Items listed in a dataset:
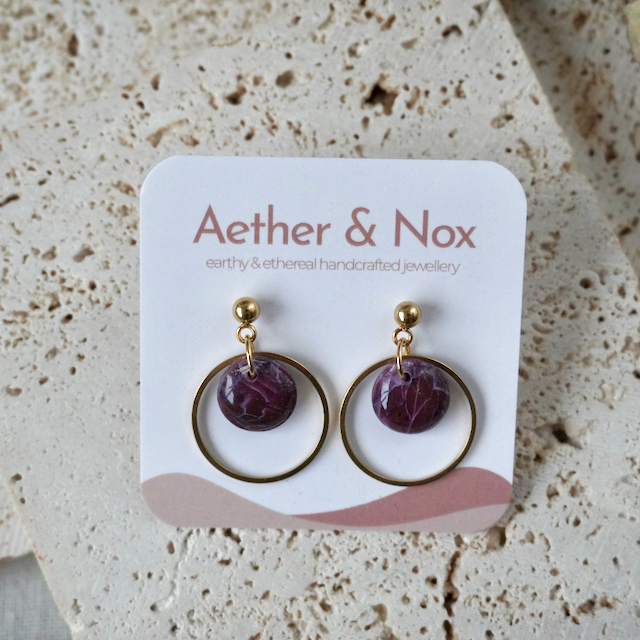 Amaranth Purple Stud Hoop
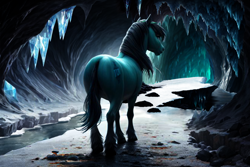 Size: 1152x768 | Tagged: safe, editor:emptyplotfiller, machine learning generated, character:thorax, species:changeling, fanfic:crossing the trixie bridge:a new life in the crystal empire, g4, ai assisted, ai content, mount everhoof, solo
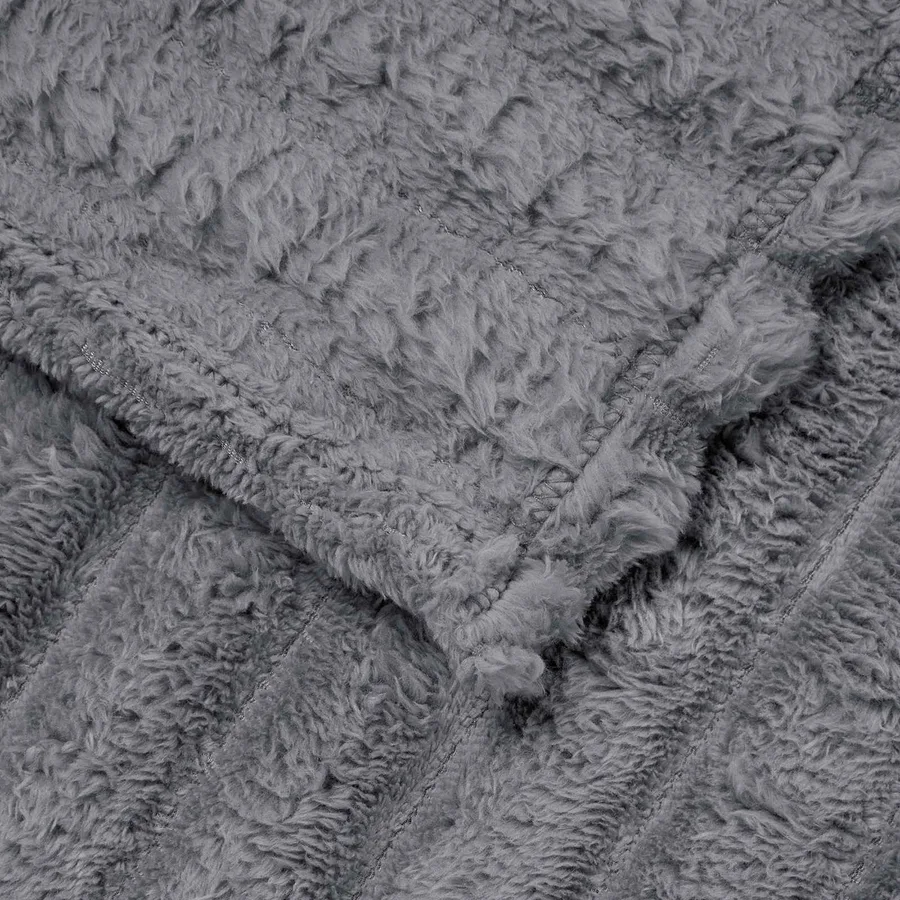 Jeté Gris foncé 240 x 220 cm Toison - 5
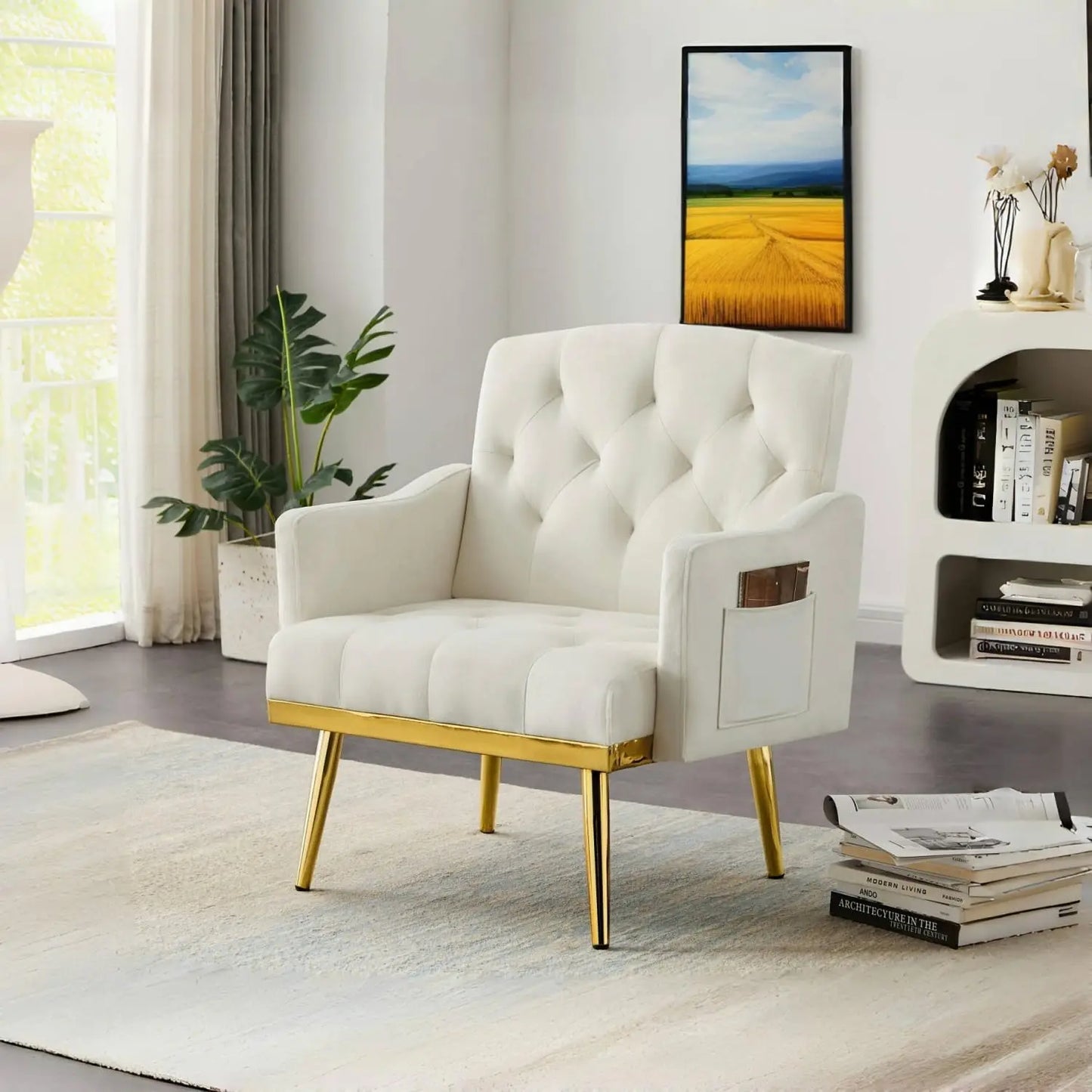 Beige Velvet Accent Chair with Gold Legs for Modern Living Room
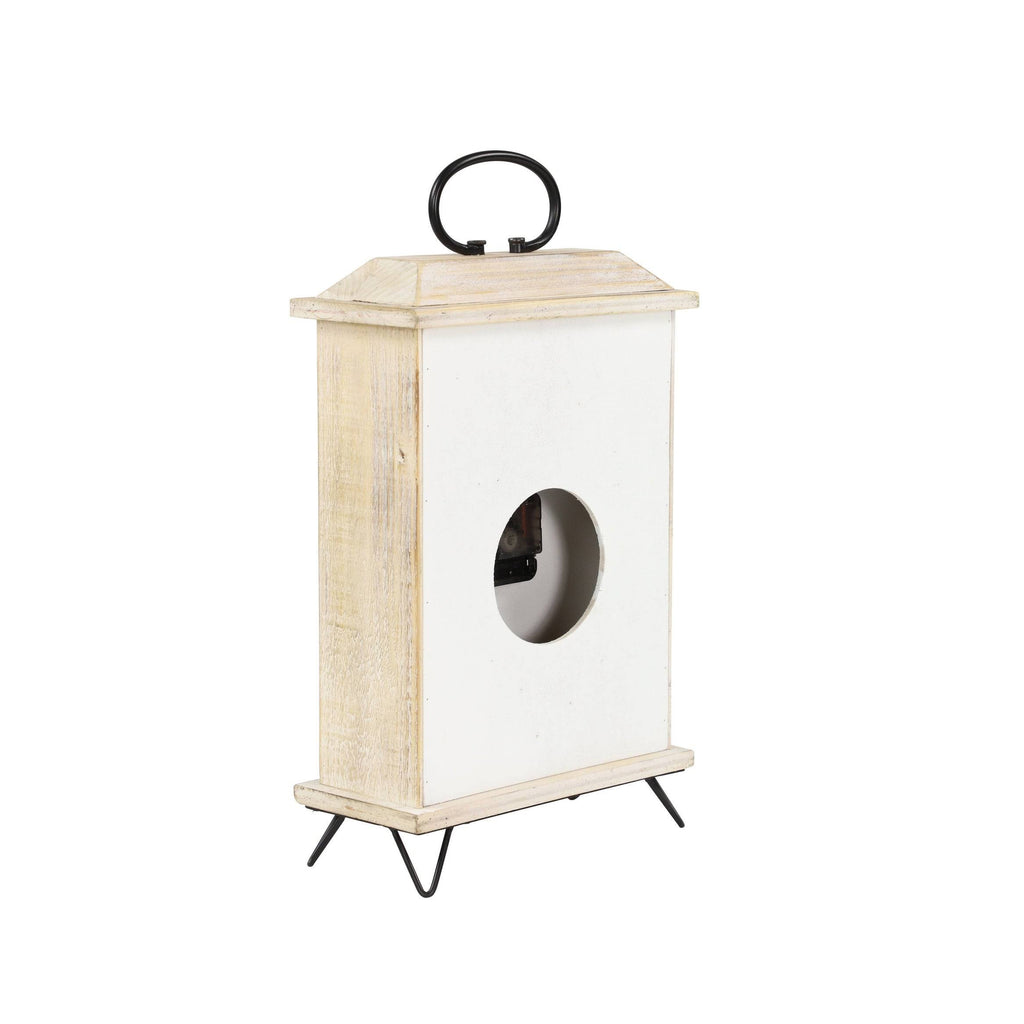 Rectangular Beige Wooden Table Clock O841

» **Assignment**:
Set down every entry above again exactly, dropping each picture.

» **Solution for this exercise**:
 Amaranth Purple Stud Hoop
 Size: 1152x768 | Tagged: safe, editor:emptyplotfiller, machine learning generated, character:thorax, species:changeling, fanfic:crossing the trixie bridge:a new life in the crystal empire, g4, ai assisted, ai content, mount everhoof, solo
 Jeté Gris foncé 240 x 220 cm Toison - 5
 Beige Velvet Accent Chair with Gold Legs for Modern Living Room
 Rectangular Beige Wooden Table Clock O841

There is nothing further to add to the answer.